George went running back over there and the other scientists just stared up into the tree and Hugh -- well old eagle eye Hugh Friday rose up out of his chair and then and there I knew that he knew that the scientists knew that it wasn't over yet and, although I hate to think I think like Hugh, I felt just as disappointed as it looked like he looked that that ping pong ball had disappeared.

Sally was right by my side at the time and as soon as that happened, went right back to the house.

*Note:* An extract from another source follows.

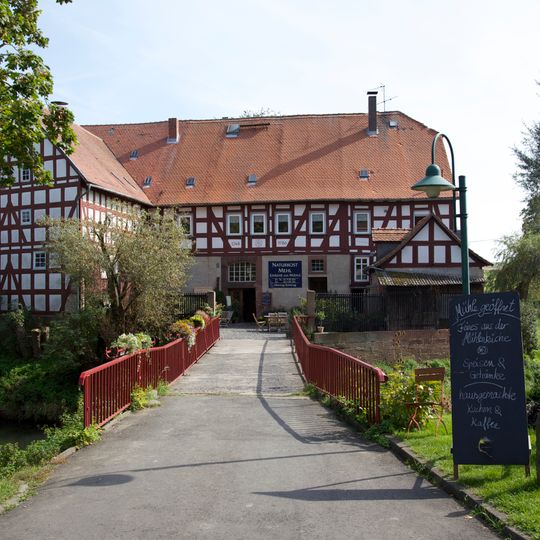 Brücker Mühle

"Oh, no!"  she said, and muttered something else.

Louise, on their patio, had the weirdest look on her face.

"Let's play!"  Hank said, "Don't pay any attention to that!"

Right -- like telling your cat not to pay any attention to your goldfish.

Hank served to Herman again, but, instead of hitting the ball back to Hank, Herman caught it and threw it up toward the"hole" and it disappeared.  Then all the scientists collectively got that "idea" look on their faces.

Anyway, the scientists used up all of the ping pong balls Hank had there, watching them disappear and ooohing and aaahing

  George came back over to me and asked to use our phone.  I said yes and Sally looked at me like she would never forgive me for this.  I looked at her and shrugged, trying to say by my motions, "What're you blaming ME for?"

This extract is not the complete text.